Stuffed Squash Recipe

I love squash, and I love that I can find it at the market stalls all year round. But what I love even more is having a recipe that allows me to enjoy this beautiful vegetable while avoiding the annoyance of peeling it! My friend Hugh Fearnley-Whittinstall (well, he’s not really my friend, but for gifting me with this and many other recipes he can’t be an enemy) gave me the most brilliant idea in his book “Veg every day”, and this simple recipe has become “the way” we make squash at the Italian household of Blender and Basil.

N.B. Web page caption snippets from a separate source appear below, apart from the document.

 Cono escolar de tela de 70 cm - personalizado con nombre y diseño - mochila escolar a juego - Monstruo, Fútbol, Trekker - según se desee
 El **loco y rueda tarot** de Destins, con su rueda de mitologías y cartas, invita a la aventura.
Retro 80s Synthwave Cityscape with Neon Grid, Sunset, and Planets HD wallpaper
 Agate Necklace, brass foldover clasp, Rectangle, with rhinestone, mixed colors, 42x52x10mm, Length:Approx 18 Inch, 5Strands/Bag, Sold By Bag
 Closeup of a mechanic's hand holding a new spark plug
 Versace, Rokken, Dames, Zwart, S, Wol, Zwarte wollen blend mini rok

2-4 smallish squash (or one large to share – think that a 400g squash can ve a serving)
2 large leeks
250gr chestnut mushrooms (or select your favourite)
125gr pecorino cheese (or another type of strong-flavoured hard type of cheese), finely grated
1 tsp English mustard
4 tbsp crème fraiche
50gr butter
thyme sprigs
salt and pepper

Step 1 – Chop the mushrooms into small cubes. In a frying pan heat up half of the butter and once it’s completely melted add the mushrooms. Add a pinch of salt and cook until they lose all the liquid and are tender. Then place them in a bowl.

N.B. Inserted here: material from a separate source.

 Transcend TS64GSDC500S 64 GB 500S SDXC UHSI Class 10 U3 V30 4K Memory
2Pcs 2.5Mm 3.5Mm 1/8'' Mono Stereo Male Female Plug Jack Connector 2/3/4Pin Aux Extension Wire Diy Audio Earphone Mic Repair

Step 2 – In the same frying pan, melt the rest of the butter and fry the leeks you previously sliced into very fine rings. Once they begin to sizzle, cover with a lid and let them sweat for about 10 minutes. When they are very soft, add them to the bowl where you placed the mushrooms.

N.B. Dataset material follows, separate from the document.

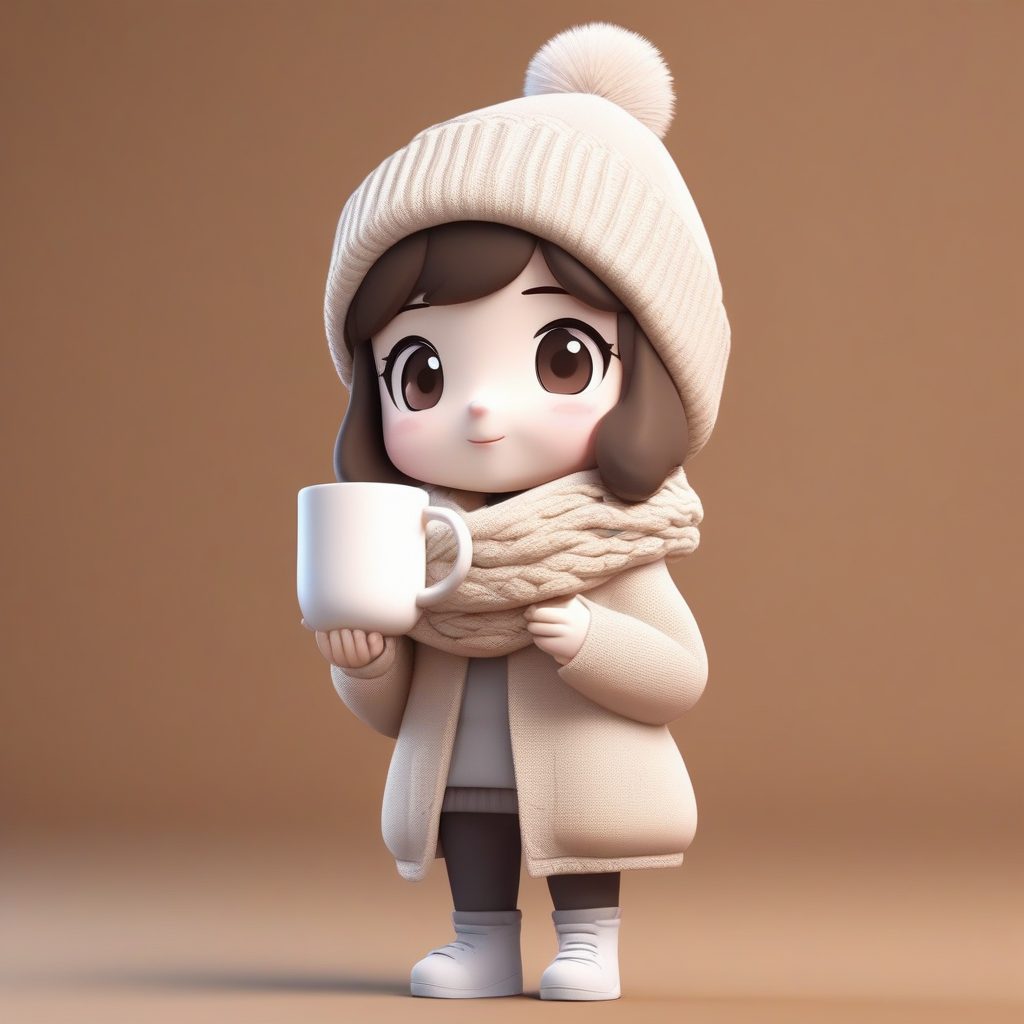 C4D建模级：米白色毛线围巾Q版女孩冬日全身像AI提示词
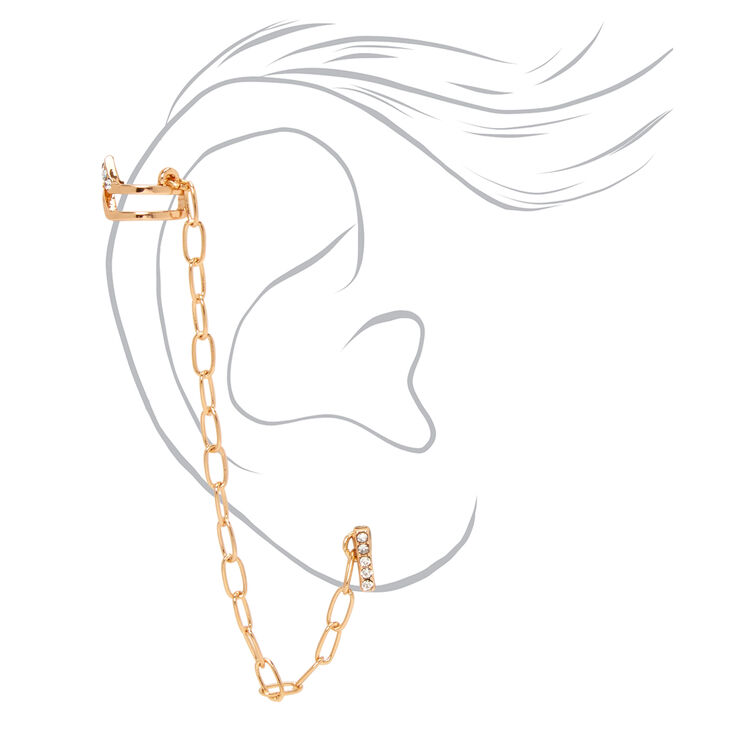 Gold Linear Crystal Connector Earrings,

Step 3 – Then add the cheese, mustard and crème fraiche and mix together. Add a generous amount of salt and pepper, as it will need extra seasoning to when mixing with the squash.

Step 4 – Slice a very fine part of the peel from the bottom of the squash, so that it can stand up on the oven tray. Then slice a lid off the top. With a small sharp knife, take out all the seeds and fibers, leaving only the flesh.

Step 5 – Fill the squash cavities with the mixture, covering up to one third of the inside. Then place some thyme sprigs on top, and cover with the lid.


Step 6 – Place in the hot oven and bake at 190º for 50-60 minutes or even longer if needed, until the squash feels very soft on the inside. Serve hot!